Time Warp: Class D amps

Above: Bang & Olufsen’s BeoLab 9 loudspeakers plut Class D amplifiers at the centre of a piece of art.

Surely an amplifier is just an amplifier? Actually, there are a multitude of designs, based on a dozen or more fundamental principles. That’s a pretty impressive achievement, given that the triode, a vacuum tube that allowed the very first amplifier designs, only appeared a little over a century ago in 1908.

The major categories have class names, of which the most familiar to audio enthusiasts are Class A, Class AB and Class D. Each has its advantages… and its disadvantages.

Class A is supposed to be the best sounding design because it eliminates something called ‘crossover distortion’, but it is horribly inefficient, wasting more than half the power used by the amplifier.

Class AB is somewhat more efficient, but still wastes plenty of electrical power as heat.

Class D is completely different.

Now let’s get something straight: though the ‘D’ conjures the concept ‘Digital’, technically, a Class D amplifier is not necessarily a digital amplifier. In fact, depending on the source, the Class D amplifier originated in the early 1930s, or the early 1950s. And back in those days, digital had nothing to do with it.

Class D is otherwise known as a ‘switching amplifier’. The reason that Class A and Class AB amplifiers are so inefficient – waste so much of the power which feeds them – is because their output transistors spend most of their time only partly on. Some of the electrical power is being allowed through to the speaker terminals, while some is being used by the transistors themselves to heat up.

That is never the case with a Class D amplifier: its output transistors are either switched fully on, or fully off. In either case, the amplifier wastes hardly any power. Theoretically it uses none at all, but in the real world electronic devices aren’t perfect. Nonetheless, better than 90 percent of the power drawn from the wall socket is used in a Class D amp to drive the speakers, instead of around 60 percent for Class AB.

In addition to keeping your power bills lower, this means that less heat is dissipated, so smaller lighter heat sinks can handle matters.

The result is smaller and lighter amplifiers, or more power for a given size and weight.

Class D amplifiers have had a relatively long history in professional audio, particularly sound reinforcement, given their virtues of relative compactness (which equals transportability) and high output power. But they have made their ways increasingly into homes in recent years, in such implementations as the IcePower amplifier modules used in many higher quality devices, Sony’s ‘S-Master’ home theatre receivers, and various subwoofer amplifier modules.

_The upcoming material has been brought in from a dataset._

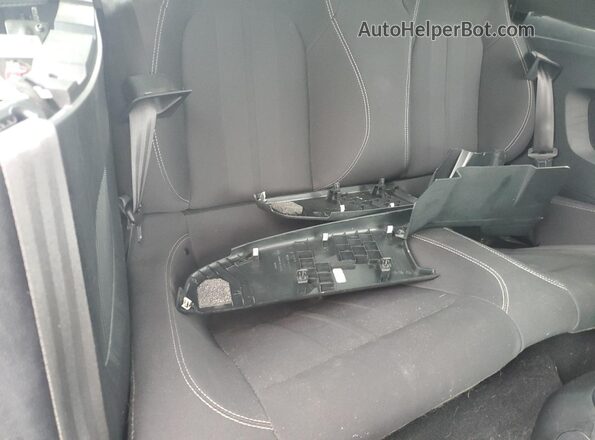 1FATP8UH9L5157434 2020 FORD MUSTANG Silver Widok tylnych siedzeń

Given the need for prodigious quantities of power in high performance, compact subwoofers, this isn’t surprising. And with increasing use of digital signals, the shift from Class D to ‘Digital Amplifier’ is easy to understand.

Class D is especially suited to being a digital amplifier. Like digital, it is on or off, and never halfway between the two. The technical details can be a bit tedious, but in short it uses Pulse Width Modulation to define the signal (Pulse Density Modulation for Sony’s S-Master system). Wide pulses indicate a high point in the signal, and narrow ones indicate a low point.

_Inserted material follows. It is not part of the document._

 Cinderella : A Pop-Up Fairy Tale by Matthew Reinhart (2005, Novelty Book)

The beauty of this is that Pulse Code Modulation – the ubiquitous workhorse of digital signals – can be readily converted to PWM, which can then be used to drive the speakers. All that’s needed then is a passive filter at the loudspeaker terminals to remove the ultrasonic noise inherent in such signals, and you have a highly efficient, highly powerful amplifier, perfectly capable of producing glorious sound.